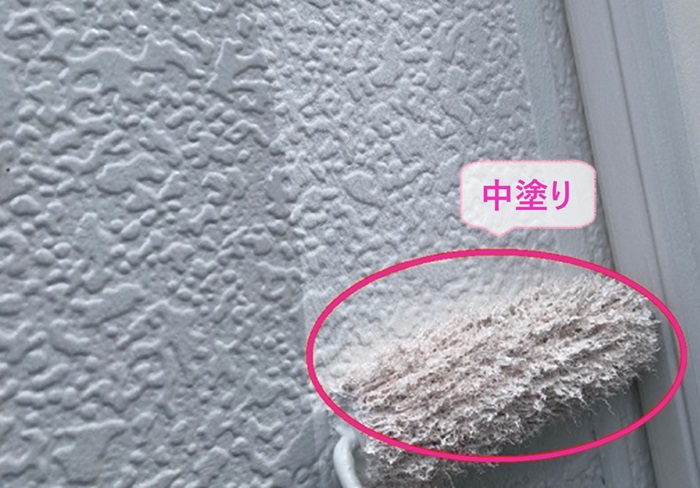 外壁1面だけ塗り替える戸建てでパーフェクトトップで中塗りしている様子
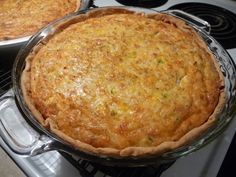 two pies sitting on top of an oven next to each other in pans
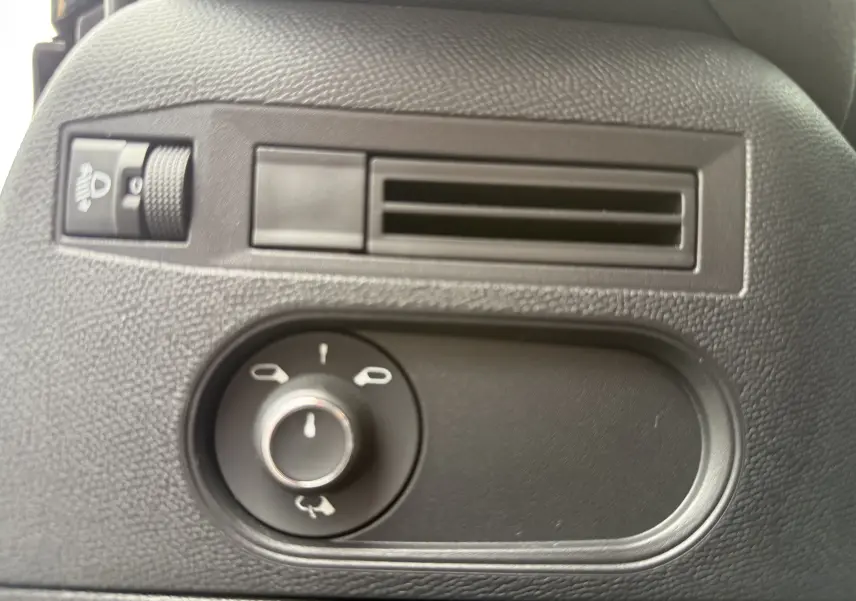 Gros plan sur la commande de réglage des rétroviseurs et la sortie d’air noire à l’intérieur d’une DS3 hybride 2025.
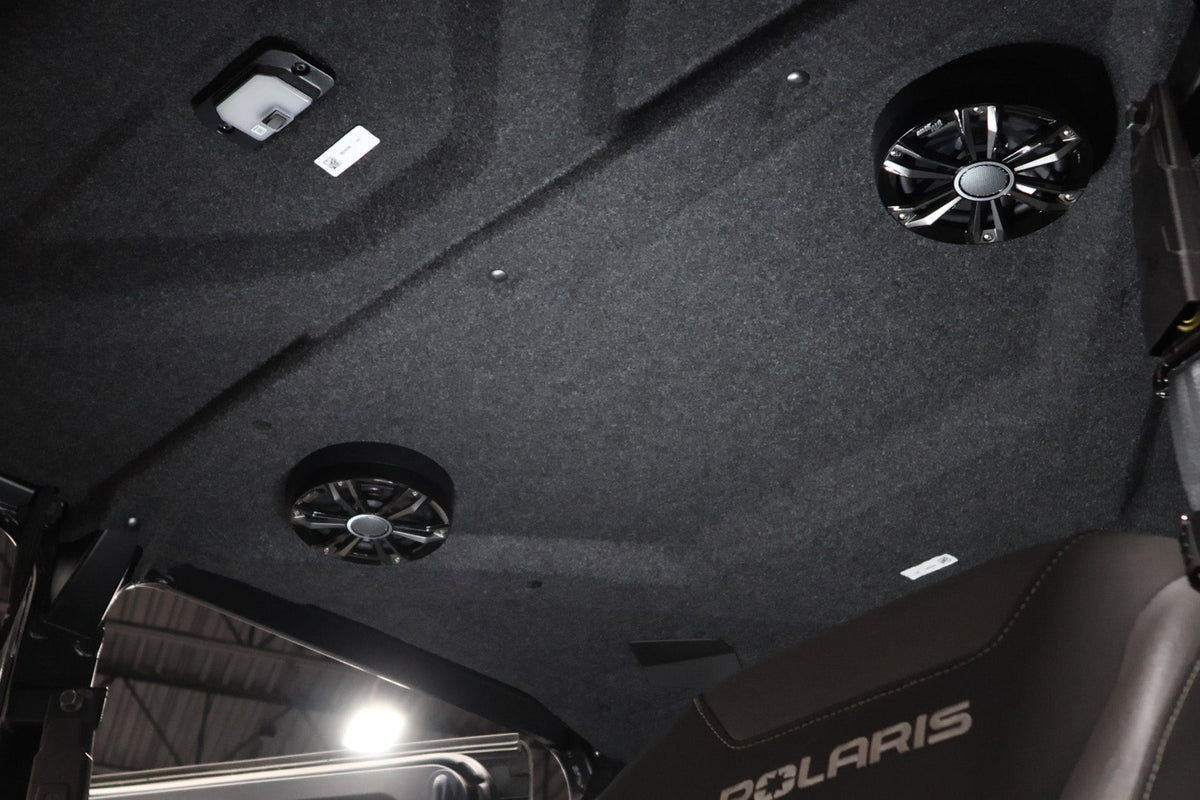 Polaris vehicle interior roof liner with integrated speakers and overhead light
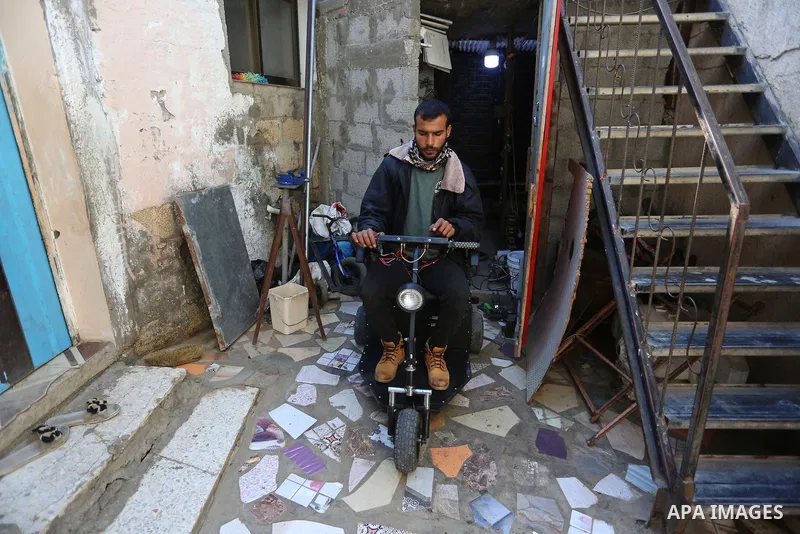 Palestinian technician Moamen Abu Raida,29, tries to assemble a small electric vehicle at his home workshop in Bani Suhaila, a town east of Khan Yunis in the southern of the Gaza Strip, on February 15, 2021. Using scrap...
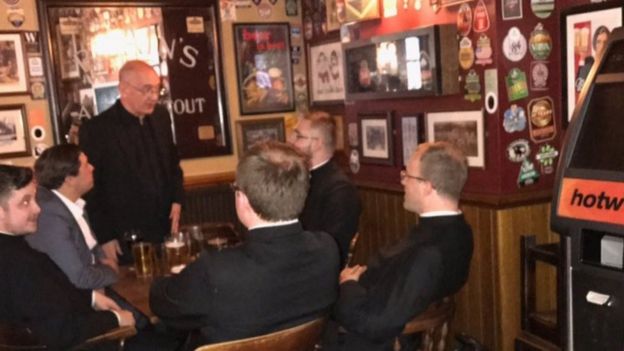 Priests in pub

▶ **REQUIREMENT**
Whenever a line holds a picture, print that line without the picture. All other data must be output exactly.

▶ **RESULT**
 外壁1面だけ塗り替える戸建てでパーフェクトトップで中塗りしている様子
 two pies sitting on top of an oven next to each other in pans
 Gros plan sur la commande de réglage des rétroviseurs et la sortie d’air noire à l’intérieur d’une DS3 hybride 2025.
 Polaris vehicle interior roof liner with integrated speakers and overhead light
 Palestinian technician Moamen Abu Raida,29, tries to assemble a small electric vehicle at his home workshop in Bani Suhaila, a town east of Khan Yunis in the southern of the Gaza Strip, on February 15, 2021. Using scrap...
 Priests in pub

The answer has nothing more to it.